Member of Congress
- In office 16 March 2020 – 26 July 2021
- Constituency: Callao

Personal details
- Born: Paul Gabriel García Oviedo 2 October 1990 (age 35) Lima, Peru
- Party: Popular Action
- Spouse: Rosselli Amuruz ​(m. 2024)​
- Education: Pontifical Catholic University of Peru; Rey Juan Carlos University; National University of Callao
- Occupation: Lawyer, businessman, marketer, politician
- Website: paulgarciaoviedo.com

= Paul García =

Peruvian lawyer, businessman and politician

Paul Gabriel García Oviedo (born 2 October 1990) is a Peruvian lawyer, businessman and politician. He was a Congressman, representing Callao from 16 March 2020 to 26 July 2021.

== Early life and education ==
García was born on 2 October 1990. He completed his primary and secondary studies in the city of Lima and in 2012 studied technical marketing at the Zegel IPAE school. He began law studies at the Pontificia Universidad Católica del Perú, obtaining a bachelor's degree in law and the professional title of lawyer.

From 2014 he was a student leader at the Pontificia Universidad Católica del Perú, arriving at the Federated Center of Law and the University Assembly of the PUCP.
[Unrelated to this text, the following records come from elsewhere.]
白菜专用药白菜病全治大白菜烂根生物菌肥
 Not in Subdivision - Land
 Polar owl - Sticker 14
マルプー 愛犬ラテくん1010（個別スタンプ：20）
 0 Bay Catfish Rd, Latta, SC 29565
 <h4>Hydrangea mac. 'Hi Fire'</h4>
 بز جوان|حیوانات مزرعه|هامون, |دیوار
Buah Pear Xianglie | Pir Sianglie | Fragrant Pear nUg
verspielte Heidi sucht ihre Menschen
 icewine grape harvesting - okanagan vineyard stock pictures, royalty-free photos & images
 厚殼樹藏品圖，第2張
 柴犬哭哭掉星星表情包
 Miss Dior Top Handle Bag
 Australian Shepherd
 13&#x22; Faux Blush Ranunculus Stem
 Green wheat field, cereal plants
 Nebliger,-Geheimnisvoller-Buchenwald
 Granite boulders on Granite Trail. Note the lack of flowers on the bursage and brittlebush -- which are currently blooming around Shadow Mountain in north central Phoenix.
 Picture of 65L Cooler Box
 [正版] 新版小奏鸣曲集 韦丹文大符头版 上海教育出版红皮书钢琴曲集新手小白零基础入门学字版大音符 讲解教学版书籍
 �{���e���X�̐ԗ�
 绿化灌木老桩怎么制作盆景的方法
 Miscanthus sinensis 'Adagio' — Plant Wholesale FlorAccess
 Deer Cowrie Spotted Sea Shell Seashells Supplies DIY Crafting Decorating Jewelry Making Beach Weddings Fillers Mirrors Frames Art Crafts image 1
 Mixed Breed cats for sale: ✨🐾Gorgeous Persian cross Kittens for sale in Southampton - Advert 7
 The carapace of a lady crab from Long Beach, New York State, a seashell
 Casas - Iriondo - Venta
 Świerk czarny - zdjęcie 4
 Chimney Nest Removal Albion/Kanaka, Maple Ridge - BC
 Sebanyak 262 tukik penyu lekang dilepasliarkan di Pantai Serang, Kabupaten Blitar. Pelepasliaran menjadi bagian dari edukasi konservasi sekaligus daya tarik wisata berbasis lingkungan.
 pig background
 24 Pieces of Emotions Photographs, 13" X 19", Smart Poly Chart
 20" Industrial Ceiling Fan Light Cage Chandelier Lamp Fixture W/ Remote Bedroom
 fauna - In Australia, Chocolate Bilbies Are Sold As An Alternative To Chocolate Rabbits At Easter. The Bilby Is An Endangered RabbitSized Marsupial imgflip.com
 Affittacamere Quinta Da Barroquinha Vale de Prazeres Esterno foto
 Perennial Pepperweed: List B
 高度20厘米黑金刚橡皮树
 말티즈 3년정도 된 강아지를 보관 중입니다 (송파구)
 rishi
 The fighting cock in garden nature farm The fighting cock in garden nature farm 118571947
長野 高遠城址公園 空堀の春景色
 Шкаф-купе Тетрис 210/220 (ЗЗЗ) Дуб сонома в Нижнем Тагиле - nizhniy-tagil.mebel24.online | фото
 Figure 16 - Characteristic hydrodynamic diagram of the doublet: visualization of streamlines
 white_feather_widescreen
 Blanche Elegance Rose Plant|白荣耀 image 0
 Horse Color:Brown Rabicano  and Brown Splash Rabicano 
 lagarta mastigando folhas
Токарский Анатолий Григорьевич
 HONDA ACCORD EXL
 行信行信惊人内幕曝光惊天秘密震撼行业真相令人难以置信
He later obtained a master's degree in Political Science and Public Management from Rey Juan Carlos University in Spain, and a master's degree in Strategic Business Administration from the National University of Callao, registered with the National Registry of Academic Degrees and Professional Titles of SUNEDU. He is currently pursuing a doctorate in Public Policy and State Management at the Centro de Altos Estudios Nacionales (CAEN). He is admitted to practice law with the Lima Bar Association (Ilustre Colegio de Abogados de Lima, CAL), registration No. 97956.

== Career ==
García is affiliated with the Popular Action party. He was also a candidate for the Callao provincial mayor's office during the 2018 municipal elections. He also served as National Executive Director of the Association of Municipalities of Peru (AMPE).

During the extraordinary elections of 2020, he was elected a congressman of the republic on behalf of the Constitutional Province of Callao. García was in favor of the removal of President Martín Vizcarra during the two processes that took place for it, the second of which ended up removing the former president from power. The congressman supported the motion, being one of the 105 parliamentarians who voted in favor of the removal of President Martín Vizcarra.

He is the founding managing partner ("socio director") of the law firm García Oviedo Abogados y Consultores.

== Controversies ==
In October 2023, a party held in his honor, attended by his partner, congresswoman Rosselli Amuruz, ended in a shooting and one fatality.